Doch dieser Almanach der Literaturagentur Brinkmann (viele Beiträger:innen jedenfalls sind bei Martin Brinkmann unter Vertrag) bietet noch weitere Schätze: Die Südtirolerin Maxi Obexer (*1970) erzählt von einem Tuschkasten, den der Zwillingsbruder der Zwillingsschwester einst an die Stirn pfefferte, und von den Folgen, die ihr Schweigen über die wahren Hintergründe dieser Aggression für die ganze Familie hatte.
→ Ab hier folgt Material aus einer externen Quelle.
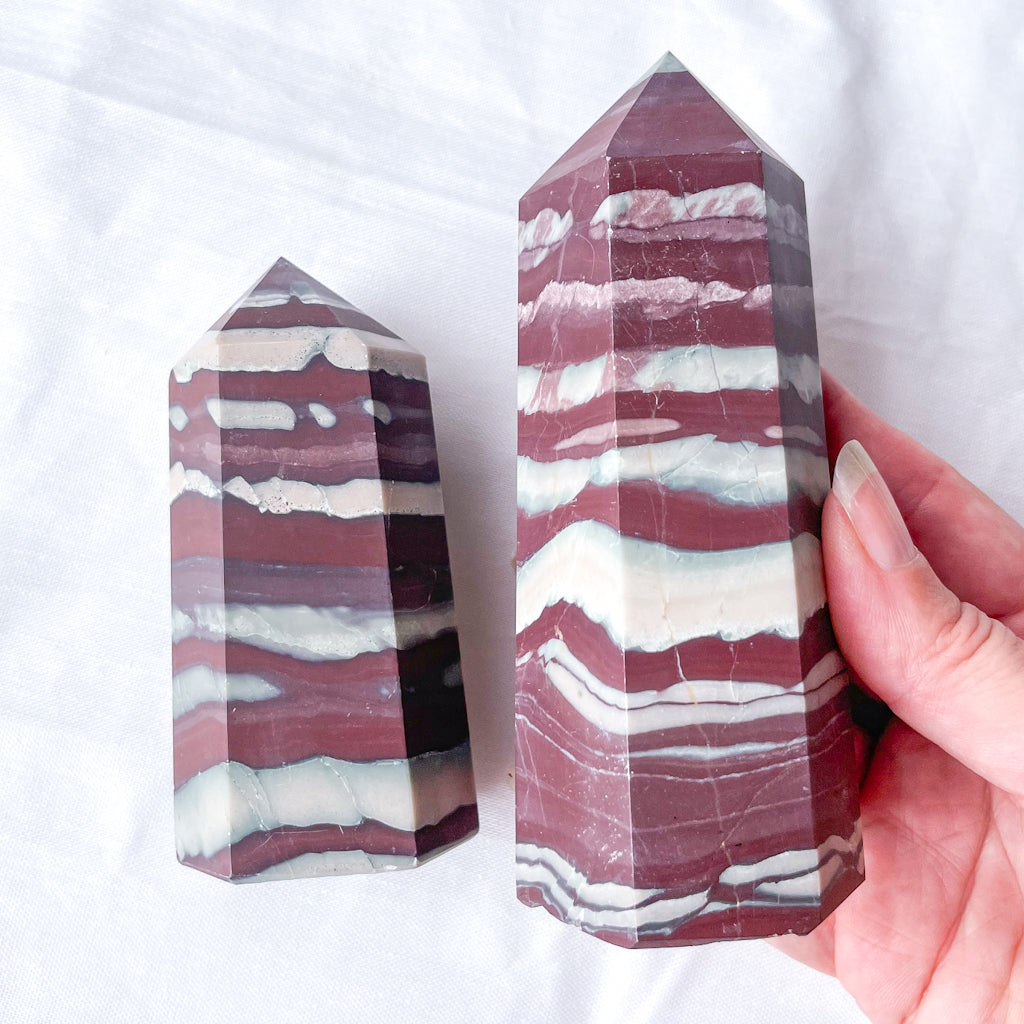 Zebra calcite + Aragonite crystal tower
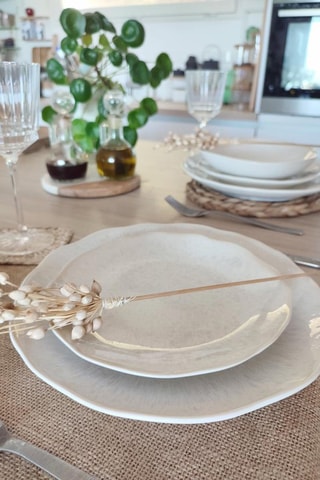 6 assiettes creuses en céramique Nuage - 20 cm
Dea Geršak begegnet in "Diamantpark" einem unsympathischen alten Mann, der Spatzen füttert und gleich darauf wieder verschwunden ist, genau wie die Spatzen, die es dort sonst nicht gibt. Wann wird er, wann werden andere Gestalten der Erzählerin wiederbegegnen, und werden auch diese Begegnungen so mystisch-alltäglich sein? Auch Zoë Jenny ist mit einem Auszug aus ihrer Autobiografie vertreten, der ihre frühe Kindheit betrifft. Jenny (Das Blütenstaubzimmer, 1997) ist als Kritikerin pädagogischer Experimente der alternativen Szene der 80er Jahre bekannt, und die traumatisierenden Erfahrungen, die sie als Tochter des Schweizer Verlegers Matthyas Jenny in "Friendly Fire" schildert, erscheinen wie eine Beglaubigung ihrer Positionen am eigenen Leib.
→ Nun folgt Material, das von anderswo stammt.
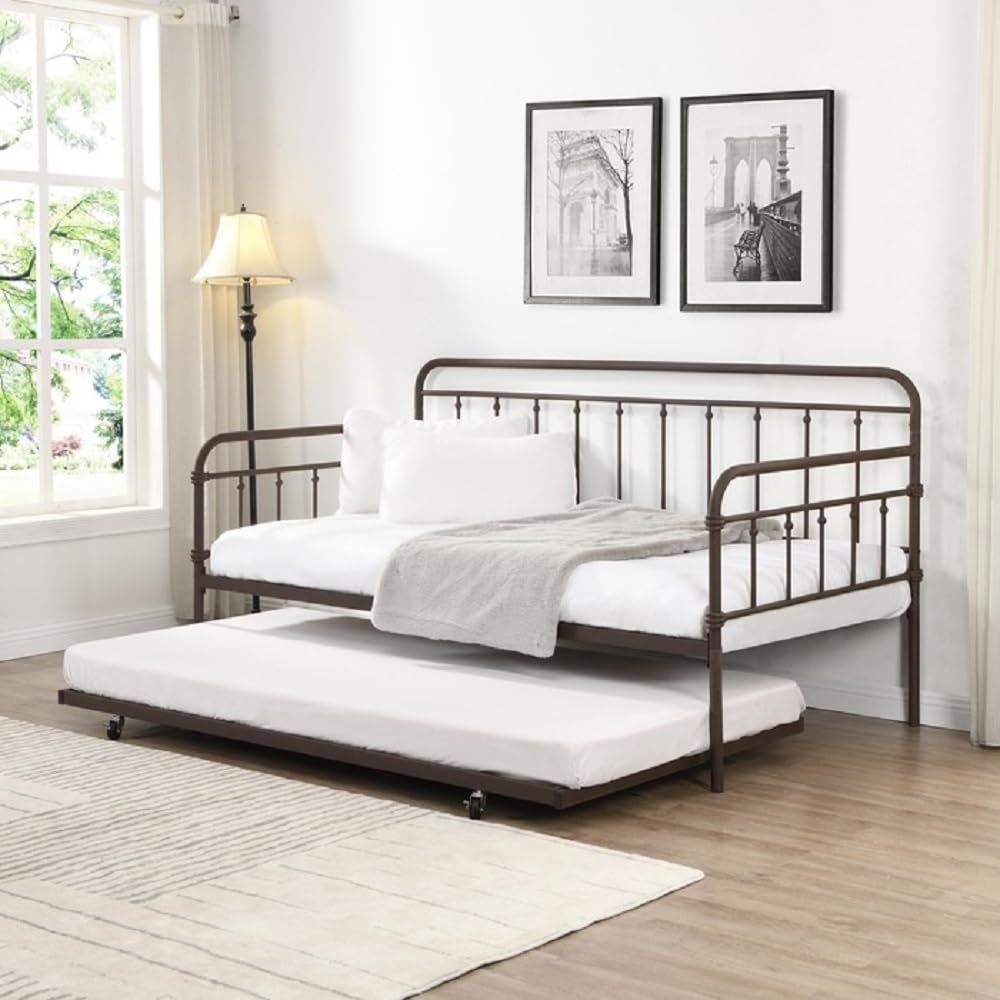 Classic Farmhouse Wrought Iron Metal Daybed with Free Standing Trundle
Schreibheft 105 widmet sich dem Film und nimmt zunächst den belgischen Filmemacher Eric de Kuyper (*1942), dessen Kindheitserinnerungen An der See 2024 in der Übersetzung von Gerd Busse bei Wagenbach erschienen sind, und die Regisseurin Chantal Akerman (1950-2015) in den Blick, die seit den späten 60er Jahren vielfach und intensiv zusammengearbeitet haben. Neben amüsanten und dekuvrierenden Anekdoten aus der Filmwelt von Los Angeles in den späten 70er Jahren besticht vor allem Esther Kinskys Essay "Eine Reise ins Herz des Schweigens. Chantal Akermans D'Est". Der Film versammelt Eindrücke, die die Regisseurin Anfang der 90er Jahre bei mehreren Reisen gen Osteuropa in 16 mm aufgezeichnet hat. Kinsky bekennt: "D'Est ist mein Lieblingsfilm von Chantal Akerman, vielleicht wegen der Abwesenheit von Sprache. Er lehrt sehen, das Hinschauen, ohne die Distanz, die Vergegenwärtigung der Fremdheit des Blicks aufzugeben." Bewundernswert, wie Kinsky allein mit Worten einen Film aufs Plastischste zu evozieren vermag, der schweigend allein vom Schauen handelt.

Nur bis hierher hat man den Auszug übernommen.